Por Fabrício Carpinejar

Sou filho de dois poetas.

Os enfrentamentos domésticos traduziam Bucólicas, Geórgicas, Éclogas.

Os pais gastavam o dicionário em ironia e sarcasmo. Palavras velhas, aforismos, citações serviam para cutucar o outro na mesa durante o almoço.
Não usavam palavrões, entretanto se ofendiam igual, com raiva e espuma.

Trocavam o baixo calão pelos arcaísmos.

Nós, os quatro filhos, dedicávamos a decifrar as indiretas. Mas os pais, escolados e chiques, não admitiam discutir.

— Estamos apenas debatendo — avisava o pai.

Sim, fingíamos acreditar, desde quando o divórcio era Curso de Literatura?

O “eu lírico” predominava como principal recurso para disfarçar o atrito.

— Não é briga de verdade, nossos eus líricos divergiram.

— Eu lírico, pai?

— O eu lírico é a voz do poema, não significa a voz do escritor.

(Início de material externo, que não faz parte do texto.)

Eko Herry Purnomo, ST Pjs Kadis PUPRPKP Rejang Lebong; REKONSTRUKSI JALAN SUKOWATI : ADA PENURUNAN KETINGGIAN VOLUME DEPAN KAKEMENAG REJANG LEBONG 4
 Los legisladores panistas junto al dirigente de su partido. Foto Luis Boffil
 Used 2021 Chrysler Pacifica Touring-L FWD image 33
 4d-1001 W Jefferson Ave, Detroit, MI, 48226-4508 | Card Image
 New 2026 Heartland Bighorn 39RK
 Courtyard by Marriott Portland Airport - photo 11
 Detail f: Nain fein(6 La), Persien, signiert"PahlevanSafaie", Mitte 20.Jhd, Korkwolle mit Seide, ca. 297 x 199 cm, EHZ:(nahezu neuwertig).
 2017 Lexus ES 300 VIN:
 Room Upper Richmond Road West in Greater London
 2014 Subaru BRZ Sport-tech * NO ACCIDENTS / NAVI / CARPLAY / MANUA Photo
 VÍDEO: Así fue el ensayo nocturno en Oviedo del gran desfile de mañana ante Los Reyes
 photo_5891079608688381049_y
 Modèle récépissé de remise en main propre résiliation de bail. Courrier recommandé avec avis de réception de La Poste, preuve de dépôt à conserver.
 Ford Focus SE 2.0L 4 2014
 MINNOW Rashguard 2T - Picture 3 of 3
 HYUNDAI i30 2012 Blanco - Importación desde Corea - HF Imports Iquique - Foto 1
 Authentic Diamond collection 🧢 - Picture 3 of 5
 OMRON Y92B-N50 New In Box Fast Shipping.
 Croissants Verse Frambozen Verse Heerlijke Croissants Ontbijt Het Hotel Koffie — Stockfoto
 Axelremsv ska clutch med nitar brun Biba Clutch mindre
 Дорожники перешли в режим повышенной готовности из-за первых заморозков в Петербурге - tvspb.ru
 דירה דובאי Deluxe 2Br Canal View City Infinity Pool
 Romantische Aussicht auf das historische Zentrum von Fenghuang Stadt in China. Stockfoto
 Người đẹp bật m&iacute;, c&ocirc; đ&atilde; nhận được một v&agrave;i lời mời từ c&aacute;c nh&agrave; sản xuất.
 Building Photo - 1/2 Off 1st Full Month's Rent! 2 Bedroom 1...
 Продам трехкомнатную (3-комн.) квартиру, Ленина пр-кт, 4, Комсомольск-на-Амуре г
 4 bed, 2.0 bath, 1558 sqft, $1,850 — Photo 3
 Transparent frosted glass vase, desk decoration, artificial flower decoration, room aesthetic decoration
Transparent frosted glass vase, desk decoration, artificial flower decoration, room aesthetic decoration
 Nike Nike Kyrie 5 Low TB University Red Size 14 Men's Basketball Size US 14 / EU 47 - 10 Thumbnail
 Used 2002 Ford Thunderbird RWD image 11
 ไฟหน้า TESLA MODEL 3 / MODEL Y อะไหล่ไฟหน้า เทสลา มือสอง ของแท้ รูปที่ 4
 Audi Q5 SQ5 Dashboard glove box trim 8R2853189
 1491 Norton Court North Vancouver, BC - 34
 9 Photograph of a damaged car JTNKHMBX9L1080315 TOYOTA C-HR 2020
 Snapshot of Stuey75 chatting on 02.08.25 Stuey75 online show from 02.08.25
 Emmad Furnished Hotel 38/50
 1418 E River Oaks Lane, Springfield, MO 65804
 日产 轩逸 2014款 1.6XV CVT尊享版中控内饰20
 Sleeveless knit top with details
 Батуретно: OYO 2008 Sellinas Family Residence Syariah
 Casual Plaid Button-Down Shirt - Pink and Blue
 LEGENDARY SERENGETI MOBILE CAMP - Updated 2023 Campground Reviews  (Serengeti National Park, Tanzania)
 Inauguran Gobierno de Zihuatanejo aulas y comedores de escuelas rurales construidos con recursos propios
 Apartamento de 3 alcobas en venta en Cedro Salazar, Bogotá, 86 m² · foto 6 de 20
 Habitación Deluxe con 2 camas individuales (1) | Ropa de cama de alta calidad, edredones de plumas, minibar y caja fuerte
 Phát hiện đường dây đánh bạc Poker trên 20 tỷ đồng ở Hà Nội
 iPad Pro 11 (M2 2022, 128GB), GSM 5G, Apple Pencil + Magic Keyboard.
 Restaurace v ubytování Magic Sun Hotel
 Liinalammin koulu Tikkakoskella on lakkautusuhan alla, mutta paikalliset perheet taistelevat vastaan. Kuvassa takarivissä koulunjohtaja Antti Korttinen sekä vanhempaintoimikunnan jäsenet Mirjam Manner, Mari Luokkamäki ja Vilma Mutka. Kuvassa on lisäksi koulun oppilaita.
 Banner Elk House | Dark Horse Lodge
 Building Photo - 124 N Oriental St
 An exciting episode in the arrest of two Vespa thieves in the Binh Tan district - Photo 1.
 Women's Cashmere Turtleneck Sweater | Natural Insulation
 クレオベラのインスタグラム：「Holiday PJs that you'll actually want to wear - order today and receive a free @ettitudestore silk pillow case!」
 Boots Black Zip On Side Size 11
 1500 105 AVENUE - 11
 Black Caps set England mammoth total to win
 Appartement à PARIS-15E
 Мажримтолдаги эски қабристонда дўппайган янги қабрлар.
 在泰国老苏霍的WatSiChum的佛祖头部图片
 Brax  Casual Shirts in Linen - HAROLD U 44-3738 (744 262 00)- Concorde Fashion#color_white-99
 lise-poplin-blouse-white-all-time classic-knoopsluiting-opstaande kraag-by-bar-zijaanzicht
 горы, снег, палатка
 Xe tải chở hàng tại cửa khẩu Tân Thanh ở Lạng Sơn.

É um sentimento que vem do texto, e que não foi vivido necessariamente pelo autor. É um “eu” poético que se diferencia do “eu” real.

Aquilo nos irritava duplamente: pelo moralismo e pela mentira.

No fundo, o eu lírico é uma esquizofrenia de gente culta, só isso.

Toda conversa que cheirava mal vinha com a desculpa do “eu lírico”.  Uma espécie de “brincadeirinha”.

Ninguém assumia a responsabilidade das suas teorias. O pai escapava do peso das afirmações, a mãe escamoteava da gravidade das acusações.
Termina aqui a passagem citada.